Friday 15 December 2006

distributed leadership - distributed conference


Day 2 - and we're off already. I'm sat at the back of lecture room 17, in the 'distributed leadership track' of the conference. The team from Exeter are presenting their piece on distributed leadership and I have half an eye on it, half an eye on this blog, and the other half (!) on visioning my own presentation just before the break. I was never good at math, and so it seems something has to give. I'm affraid that this morning it's the current paper that is the looser - sorry Exeter.

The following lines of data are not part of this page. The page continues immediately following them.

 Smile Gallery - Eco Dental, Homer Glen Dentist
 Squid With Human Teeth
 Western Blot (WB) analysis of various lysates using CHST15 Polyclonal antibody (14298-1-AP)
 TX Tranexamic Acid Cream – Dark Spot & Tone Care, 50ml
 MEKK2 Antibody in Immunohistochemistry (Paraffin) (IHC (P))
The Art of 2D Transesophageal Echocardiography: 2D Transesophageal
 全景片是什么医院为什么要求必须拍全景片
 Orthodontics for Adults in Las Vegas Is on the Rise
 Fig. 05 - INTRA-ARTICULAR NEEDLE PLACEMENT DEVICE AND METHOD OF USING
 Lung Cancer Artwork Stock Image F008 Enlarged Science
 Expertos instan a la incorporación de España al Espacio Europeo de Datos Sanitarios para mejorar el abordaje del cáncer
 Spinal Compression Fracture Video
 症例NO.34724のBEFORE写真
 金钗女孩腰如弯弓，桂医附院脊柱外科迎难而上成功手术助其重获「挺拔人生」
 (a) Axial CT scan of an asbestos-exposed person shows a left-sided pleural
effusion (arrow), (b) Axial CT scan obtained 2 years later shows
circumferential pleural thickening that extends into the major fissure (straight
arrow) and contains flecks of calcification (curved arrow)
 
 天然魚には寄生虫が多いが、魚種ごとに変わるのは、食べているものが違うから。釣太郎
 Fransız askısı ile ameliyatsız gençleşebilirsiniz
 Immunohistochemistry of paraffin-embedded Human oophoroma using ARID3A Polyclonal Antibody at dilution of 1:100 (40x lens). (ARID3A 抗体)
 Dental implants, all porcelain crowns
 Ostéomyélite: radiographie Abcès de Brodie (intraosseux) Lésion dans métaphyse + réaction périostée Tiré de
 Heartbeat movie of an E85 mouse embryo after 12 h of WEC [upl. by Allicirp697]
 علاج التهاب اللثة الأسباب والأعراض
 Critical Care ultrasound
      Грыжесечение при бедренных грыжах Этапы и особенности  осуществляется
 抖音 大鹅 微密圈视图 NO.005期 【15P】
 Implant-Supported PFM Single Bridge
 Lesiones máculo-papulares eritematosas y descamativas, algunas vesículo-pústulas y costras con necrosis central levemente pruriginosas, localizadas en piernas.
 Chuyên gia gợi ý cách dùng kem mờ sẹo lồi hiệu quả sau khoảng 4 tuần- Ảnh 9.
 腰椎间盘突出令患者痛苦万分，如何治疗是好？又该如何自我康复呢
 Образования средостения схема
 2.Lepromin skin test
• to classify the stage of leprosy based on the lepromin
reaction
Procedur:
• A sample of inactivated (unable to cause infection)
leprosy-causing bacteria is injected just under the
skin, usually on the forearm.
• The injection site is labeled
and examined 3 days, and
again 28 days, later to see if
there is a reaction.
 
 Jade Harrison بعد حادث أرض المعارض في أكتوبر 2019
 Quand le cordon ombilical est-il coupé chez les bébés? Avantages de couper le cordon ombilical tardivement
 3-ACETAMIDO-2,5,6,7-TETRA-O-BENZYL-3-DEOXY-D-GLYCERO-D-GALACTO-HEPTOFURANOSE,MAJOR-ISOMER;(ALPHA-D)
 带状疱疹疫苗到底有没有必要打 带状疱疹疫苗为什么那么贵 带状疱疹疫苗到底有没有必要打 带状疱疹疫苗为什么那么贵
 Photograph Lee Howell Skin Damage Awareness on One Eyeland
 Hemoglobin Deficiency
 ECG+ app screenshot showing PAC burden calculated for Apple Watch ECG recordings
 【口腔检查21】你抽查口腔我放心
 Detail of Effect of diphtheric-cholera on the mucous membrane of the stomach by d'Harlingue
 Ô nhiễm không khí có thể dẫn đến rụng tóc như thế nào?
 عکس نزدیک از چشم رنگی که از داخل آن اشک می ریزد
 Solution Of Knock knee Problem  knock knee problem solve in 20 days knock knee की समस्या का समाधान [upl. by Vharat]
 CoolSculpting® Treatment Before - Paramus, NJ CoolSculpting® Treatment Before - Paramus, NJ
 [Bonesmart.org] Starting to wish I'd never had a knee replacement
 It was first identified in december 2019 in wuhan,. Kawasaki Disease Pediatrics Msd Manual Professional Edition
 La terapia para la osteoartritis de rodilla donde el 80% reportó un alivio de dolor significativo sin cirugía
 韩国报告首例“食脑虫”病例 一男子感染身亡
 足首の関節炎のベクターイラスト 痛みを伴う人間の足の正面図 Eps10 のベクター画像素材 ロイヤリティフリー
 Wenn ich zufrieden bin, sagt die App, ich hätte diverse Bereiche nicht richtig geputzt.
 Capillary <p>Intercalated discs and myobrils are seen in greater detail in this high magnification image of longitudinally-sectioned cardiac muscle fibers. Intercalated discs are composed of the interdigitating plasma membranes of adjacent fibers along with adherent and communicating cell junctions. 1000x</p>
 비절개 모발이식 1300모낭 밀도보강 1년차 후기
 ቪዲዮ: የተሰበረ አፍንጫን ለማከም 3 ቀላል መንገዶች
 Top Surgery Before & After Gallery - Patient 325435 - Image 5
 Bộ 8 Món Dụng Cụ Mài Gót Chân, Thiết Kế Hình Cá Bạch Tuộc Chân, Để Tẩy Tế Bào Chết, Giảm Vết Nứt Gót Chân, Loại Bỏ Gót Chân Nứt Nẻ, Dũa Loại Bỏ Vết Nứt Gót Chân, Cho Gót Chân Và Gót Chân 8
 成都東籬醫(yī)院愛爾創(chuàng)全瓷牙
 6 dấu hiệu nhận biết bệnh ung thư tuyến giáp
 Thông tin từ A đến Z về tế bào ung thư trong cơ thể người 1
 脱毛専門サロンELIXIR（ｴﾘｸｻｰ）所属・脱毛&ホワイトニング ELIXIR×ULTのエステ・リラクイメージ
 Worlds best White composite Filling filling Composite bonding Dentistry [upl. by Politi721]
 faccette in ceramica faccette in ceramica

One other conception of distributed is 'networked': and I'm pleased to see that stevemac has joined this networked discussion. The speaker in front of me has been given his 2-minute call and is speeding up. What does this say about the patterns of consumption and production of knowledge in this conference, in this traditional staging: I've heard several apologies from speakers these two days, a regret or dissapointment about the process of delivering the paper and not having enough time. I find this interesting, as I do, of course, what it is speakers are saying, don't get me wrong. But I also find the activity of this blog interesting, the conversation I'm having with my brother in Devon right now, via instant messenger, the quality of the interface of the installation software that I'm currently downloading, the Blackberry on my hip that is vibrating. Distraction?; disruption?; lack of attention?; distributed?; distributed attention?;yes and yes. The discussion in front of my has changed to questsions and answers, probing the speaker's notion of distributed leadership.

1 comment:

Dave Medcalf said...

I would like to come back to the friendship concept from yesterday. Distributed leadership is (or so I think) about leadership of dispersed teams through a networking system. How else can you maintain the team environment and leadership required without having a relatiuonship with each of your distributed team with out some form of higher level understanding and a feeling that each is valued and that you value them at a higher worth than their "value" to the comapny. This is the message in SQ.